### Work to complete
Only the lines from the one containing "Building Photo - 112 County Road 3563" through the last line below belong in your copy; transcribe them exactly and omit any pictures.

### Data provided
-*-
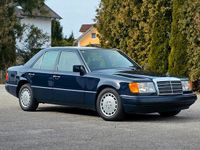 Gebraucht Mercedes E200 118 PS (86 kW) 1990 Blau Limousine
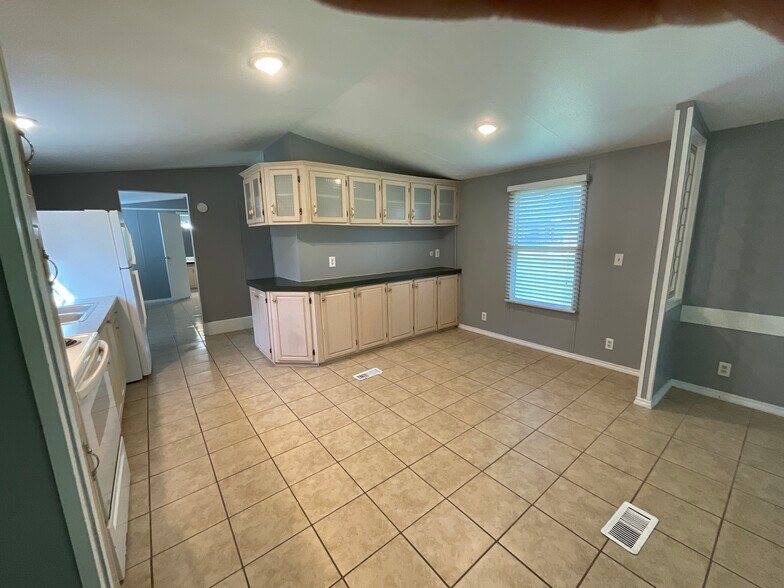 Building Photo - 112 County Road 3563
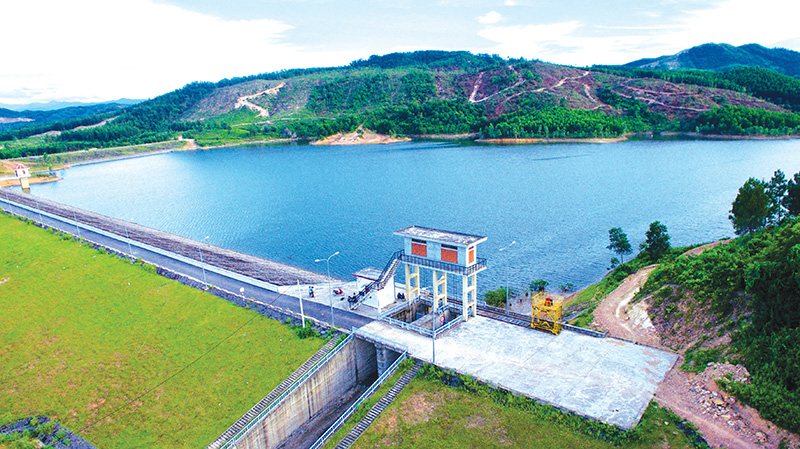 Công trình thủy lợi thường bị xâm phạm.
-*-
### Task answer
 Building Photo - 112 County Road 3563
 Công trình thủy lợi thường bị xâm phạm.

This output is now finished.